Le 22 juillet 1967, Philippe de GUILLEBON atteint 7 260 mètres de profondeur à bord de l’Archimède piloté par l’officier en second Gérard de FROBERVILLE. Formé par FROBERVILLE – qui sera ensuite affecté à un autre poste – Philippe de GUILLEBON est nommé officier en second du Groupe des Bathyscaphes et pilote de l’Archimède.

« Le pilotage en soi n’était pas très difficile mais il demandait du doigté et de l’expérience. Or, après quelques répétitions en surface, le pilote débutant était lâché après seulement une plongée en double. Ce n’était pas beaucoup ! »

De juin à juillet 1968, il est missionné, à bord de l’Archimède, pour rechercher une torpille d’exercice perdue dans la baie de Saint-Tropez. Au cours d’une des plongées, Philippe de GUILLEBON et Gérard CORDIER (ingénieur mécanicien pour le Groupe des Bathyscaphes) frôlent la catastrophe en percutant un câble auquel est reliée une cible sous-marine. Sous le choc, les défenses de l’Archimède sont enfoncées, mais heureusement, le câble ne reste pas accroché. Si cela était arrivé, il aurait été impossible au bathyscaphe de se dégager.

De septembre à octobre 1968 puis d’octobre à novembre 1969 et enfin en avril et mai 1970, il participe à la campagne REMINER afin de localiser l’épave du sous-marin français Minerve qui a sombré au large du Cap Sicié (près de Toulon) le 27 janvier 1968 et fait 52 morts.

La zone du naufrage est délimitée par un navire hydrographique mais la Marine Nationale a besoin de l’Archimède pour localiser précisément l’épave. Le bathyscaphe vient, en effet, d’être équipé d’un sonar Straza qui lui permet de repérer les obstacles dans un rayon de 1 000 mètres. Lors des différentes campagnes de recherche de l’épave, l’Archimède effectue 18 plongées sur zone, hélas sans succès.

À l’occasion d’une campagne REMINER, tandis que Philippe de GUILLEBON et ses coéquipiers plongent à 2 200 mètres de fond, ils aperçoivent une mine. Philippe de GUILLEBON bat en arrière. Des secondes interminables s’écoulent car l’Archimède a une grande inertie du fait de ses 200 tonnes de masse. Philippe de GUILLEBON voit alors s’approcher cette mine avec ses cornes qu’il ne faut briser à aucun prix, au risque de provoquer son explosion. Quand l’Archimède s’arrête enfin, une de ces cornes est à moins de 3 centimètres du hublot.
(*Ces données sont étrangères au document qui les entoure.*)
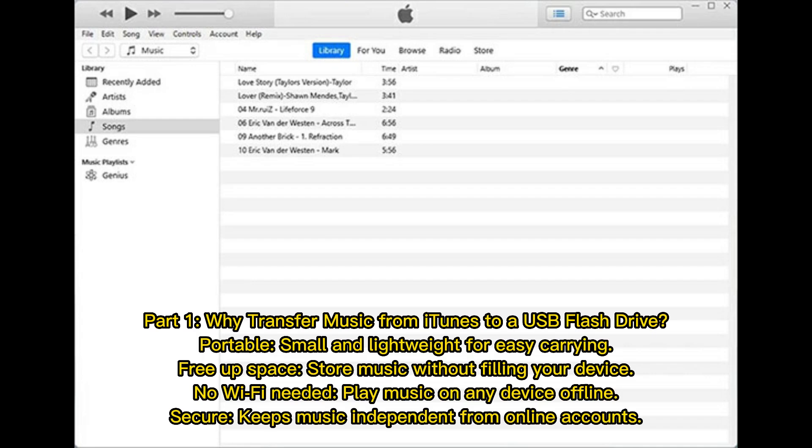Part 1: Why transfer music from iTunes to a USB flash drive? It's portable — small and lightweight for easy carrying. It can free up space, storing music without filling your device. No Wi-Fi needed; play music on any device offline. It's also secure, keeping your music independent from online accounts.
Philippe de GUILLEBON prend une photo, pousse un grand « Ouf ! » de soulagement et continue de battre en arrière.

En mai 1969, l’Archimède est requis pour rechercher et étudier l’épave d’une Caravelle explosée en plein vol au large de Nice quelques mois plus tôt. De juin à août 1969, Philippe de GUILLEBON participe à la campagne Açores 69. Les objectifs de cette campagne sont d’observer, mesurer et prélever la faune et la flore sous-marine riche et dense vivant à proximité de l’archipel des Açores. Il effectue des plongées jusqu’à 3 400 mètres.
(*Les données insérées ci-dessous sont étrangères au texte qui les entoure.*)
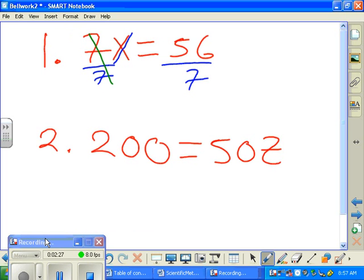What's seven divided by seven, class? One. Very good. So therefore it becomes one X. We know it's one, but one is invisible — it's like Casper the friendly ghost. One X — what's 56 divided by seven? And there's your answer.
De mai à juillet 1970, c’est en tant que pilote de l’Archimède que Philippe de GUILLEBON inspecte, de façon détaillée, les débris du sous-marin de type Daphné, l’Eurydice, qui a sombré corps et biens à 1 000 mètres de profondeur au sud de la presqu’île de Saint-Tropez le 4 mars 1970.
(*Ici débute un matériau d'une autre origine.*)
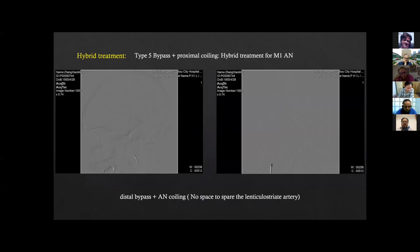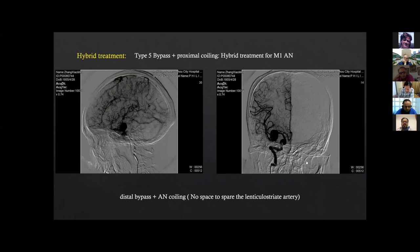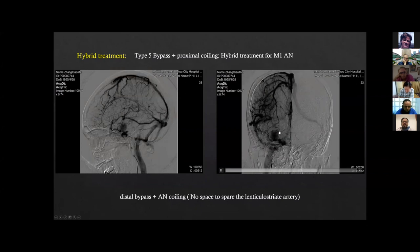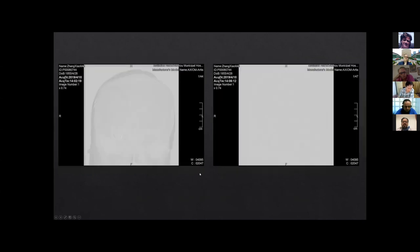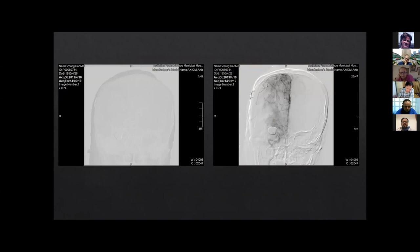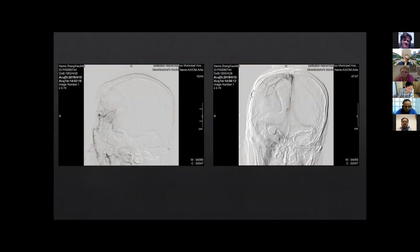Sometimes we can even use a hybrid treatment. This is an M1 segment big aneurysm where the LSA originated very close to the dome of the aneurysm, leaving no space to achieve proximal clipping. So I used coils to achieve proximal control of the aneurysm. We can see all the perforators were protected very well, the distal bypass was patent, and blood flow returned to the M2 segment.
Les 15 plongées effectuées par le bathyscaphe permettent aux ingénieurs de l’arsenal et à la commission d’enquête de mieux cerner les causes de l’accident grâce aux 800 photos prises de l’épave.

En novembre 1970, le Commandant Georges HOUOT, atteint par la limite d’âge, fait ses adieux à la Marine et confie son poste de Commandant du Groupe des Bathyscaphes à Gérard de FROBERVILLE.

Parallèlement à ses différentes missions d’intervention sous-marine, Philippe de GUILLEBON prépare à l’ENSTA (École nationale supérieure de techniques avancées) le diplôme d’ingénieur océanographe. Son projet de fin d’études concerne le sous-marin océanographique 6 000 mètres du CNEXO, qui sera baptisé Nautile.

En août 1973 puis de juillet à septembre 1974, il participe à la campagne franco-américaine FAMOUS (French American Mid Undersea Survey), en tant que pilote de l’Archimède. Cette campagne qui se déroule en au large des Açores a pour objectif de cartographier une partie de la dorsale médio-atlantique dans laquelle se met en place la nouvelle croûte océanique et d’étudier la géologie et la géophysique de ces fonds sous-marins.

Pendant cette campagne, une plongée périlleuse marque Philippe de GUILLEBON. Alors que l’ingénieur CNEXO effectue un prélèvement de roches, l’Archimède se trouve bloqué par 2 800 mètres de fond.

« L’Archimède refusait absolument de bouger. Il a fallu pas moins de 4 heures pour arriver à trouver un point d’appui pour le bras articulé suffisant […] pour bouger de quelques millimètres puis quelques centimètres, et enfin nous avons pu reprendre la plongée et la mener à son terme […]. Dans ce genre de situation, le plus inquiet n’est pas le pilote qui est très occupé par ses manœuvres, mais plutôt les deux autres occupants de la sphère qui sont plus passifs et surtout le deuxième pilote resté en surface qui, lui, se fait réellement des cheveux blancs. »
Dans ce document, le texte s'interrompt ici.